About this exercise: The whole listing below, with no pictures, is to be repeated as it stands.
*** Opening Source material ***
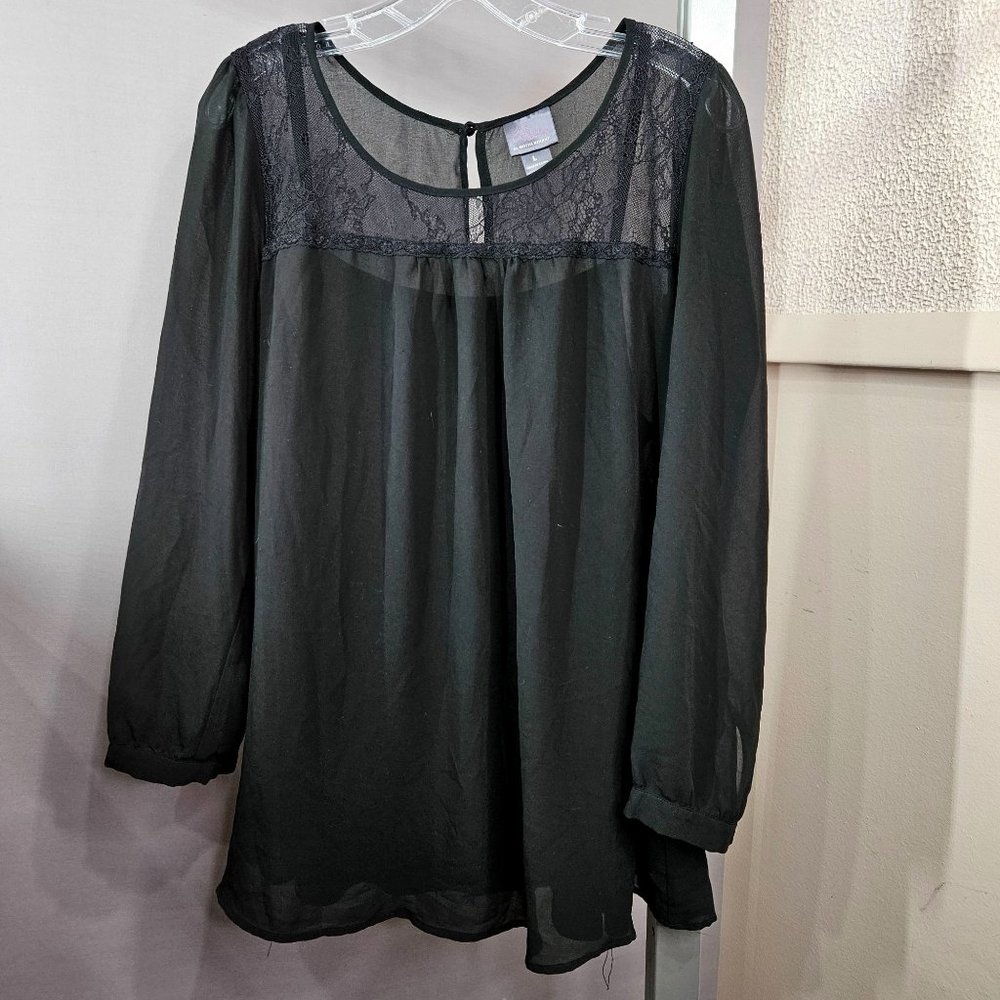 Oh Baby Motherhood Maternity Top Blouse Flowy L Black Lace Sheer Tank Lining 2pc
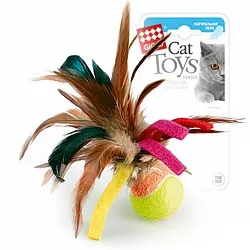 GiGwi Catch&Scratch Іграшка для котів м'ячик з пір'ям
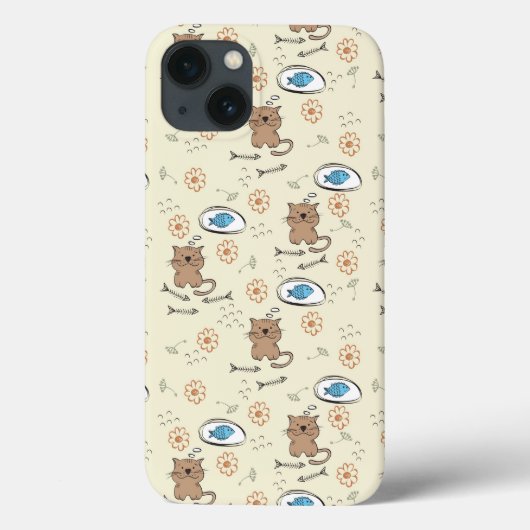 猫と魚の柄 Case-Mate iPhoneケース (裏面)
*** Closing Source material ***
Task solution:
 Oh Baby Motherhood Maternity Top Blouse Flowy L Black Lace Sheer Tank Lining 2pc
 GiGwi Catch&Scratch Іграшка для котів м'ячик з пір'ям
 猫と魚の柄 Case-Mate iPhoneケース (裏面)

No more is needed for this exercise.